YOUR INSTRUCTIONS
Give an exact transcription limited to the lines from the one with "legal settlement icon, law" through the end of the entries, including both; no pictures belong in it.

SOURCE DATA
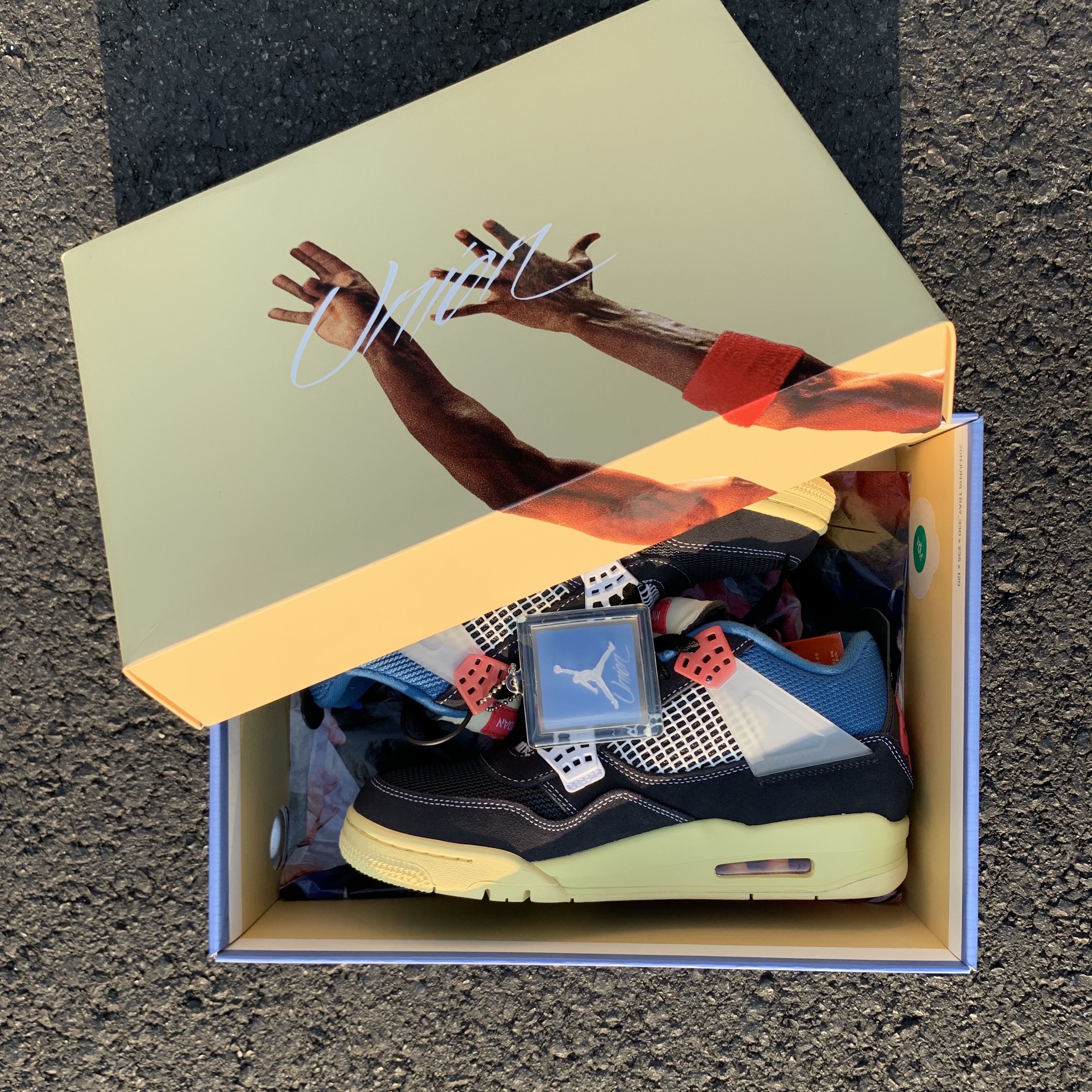 Jordan 4 x Union Retro Off Noir 착용 스타일 - 2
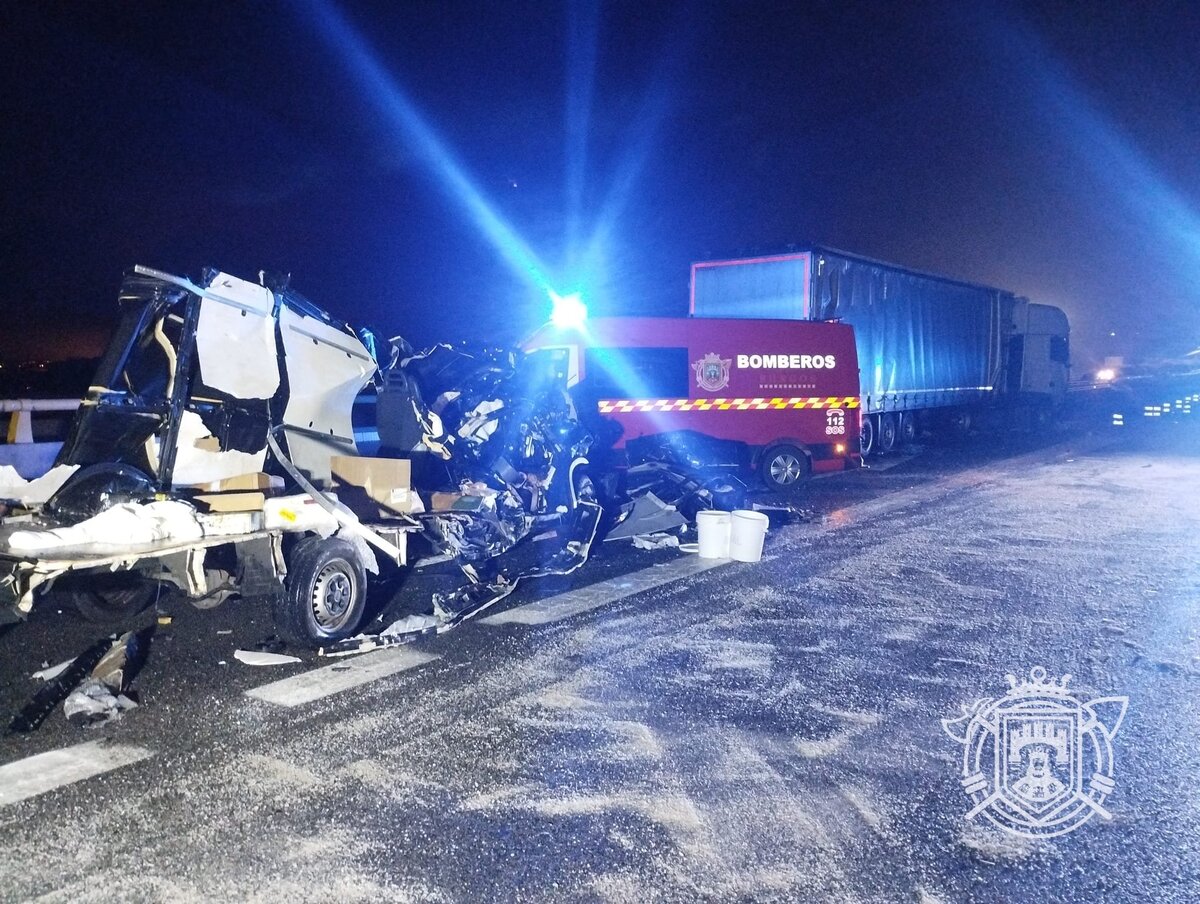 Aparatosa colisión múltiple entre tres camiones y dos furgonetas en Villalbilla que ha obligado a cortar la A-231.  / @BOMBEROSBURGOS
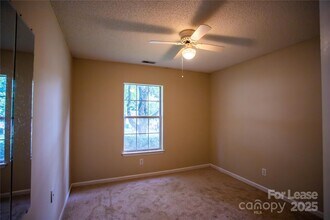 322 Cottonwood Park Dr in Charlotte, NC - Building Photo - Building Photo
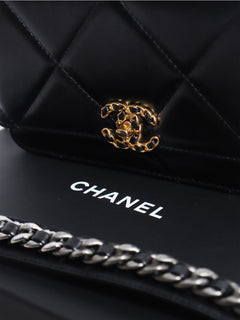 Black 19 Turnlock Wallet on Chain Cross-body bags Chanel 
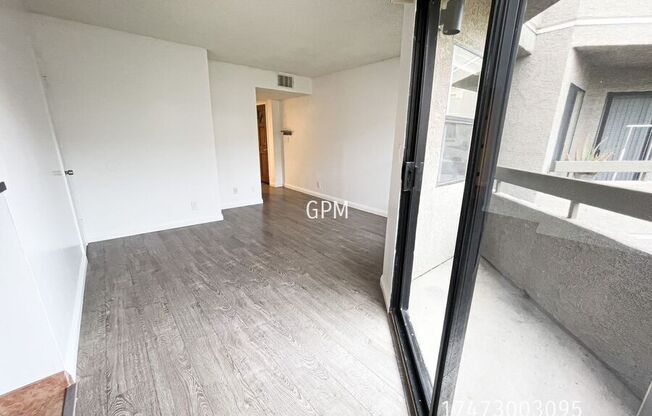 320 W Lomita Ave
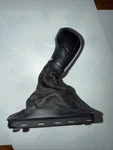 11-12 Volkswagen Touareg Transmission Gear Shifter Knob Handle W/ Boot Oem Used. Price: $50.00.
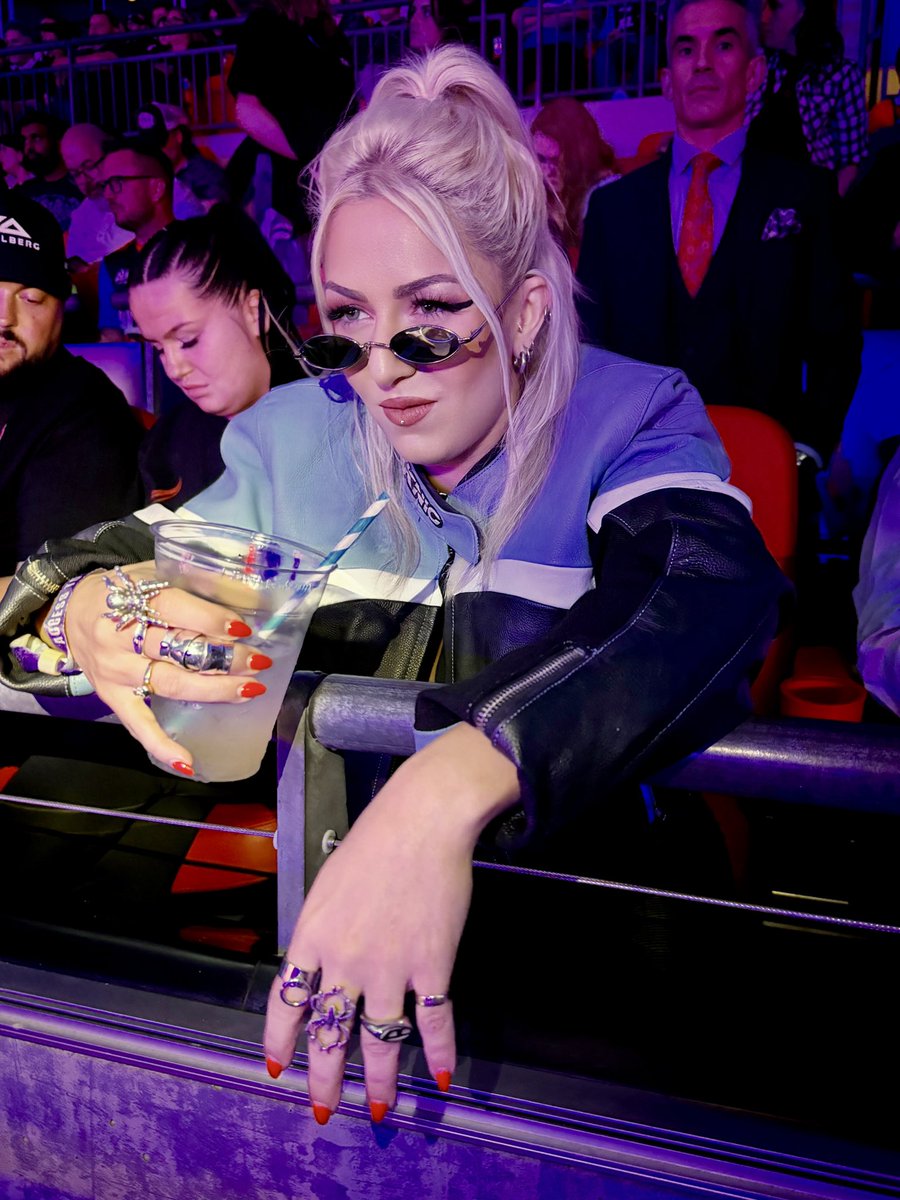 toxic_thekla's tweet photo. i see you.. 🏆👀 https://t.co/HMaYZuXBXC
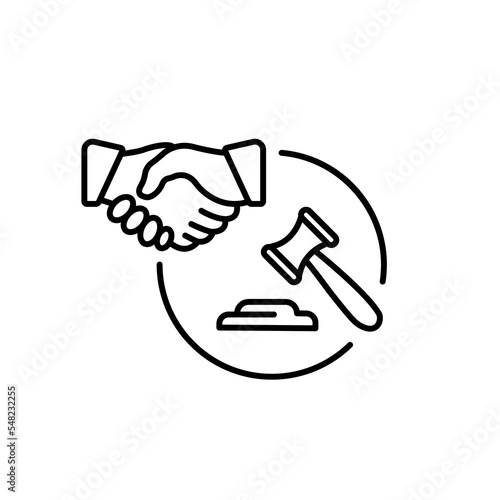 legal settlement icon, law agreement, litigation judgment concept, handshake with judge hammer, thin line symbol on white background - editable stroke vector illustration
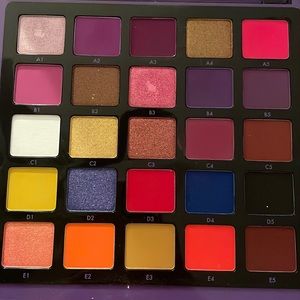 BNIB, Norvina (ABH) Eyeshadow Palette, Vol 1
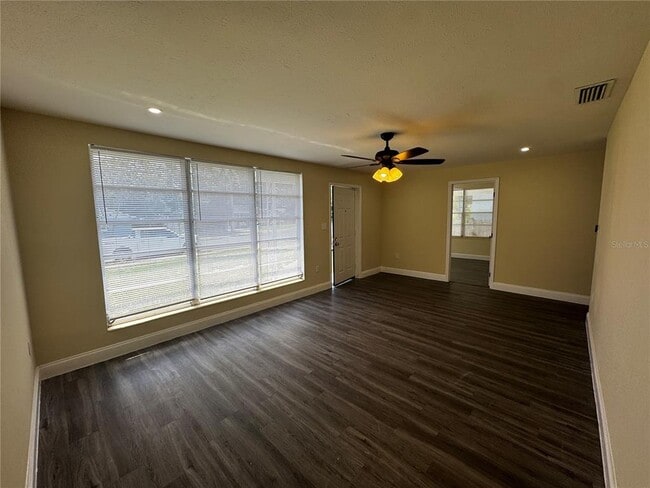 Foto del edificio - 1610 Crest Ave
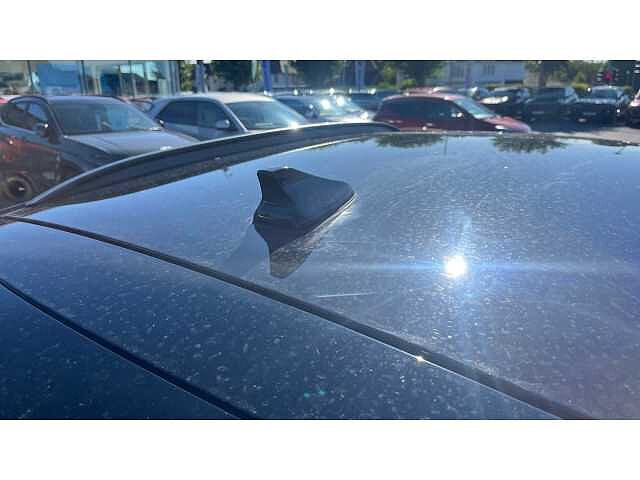 Hyundai KONA 1.6 GDi Hybrid Ultimate 5dr DCT BLACK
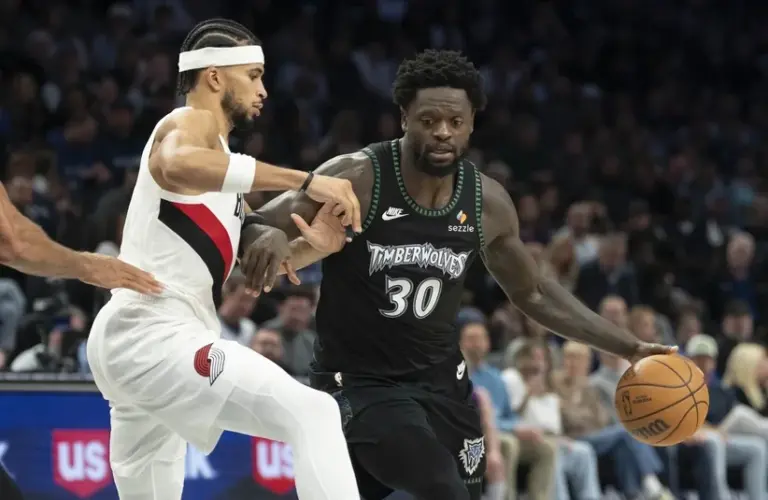 Randle advancing with the ball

RESULT
 legal settlement icon, law agreement, litigation judgment concept, handshake with judge hammer, thin line symbol on white background - editable stroke vector illustration
 BNIB, Norvina (ABH) Eyeshadow Palette, Vol 1
 Foto del edificio - 1610 Crest Ave
 Hyundai KONA 1.6 GDi Hybrid Ultimate 5dr DCT BLACK
 Randle advancing with the ball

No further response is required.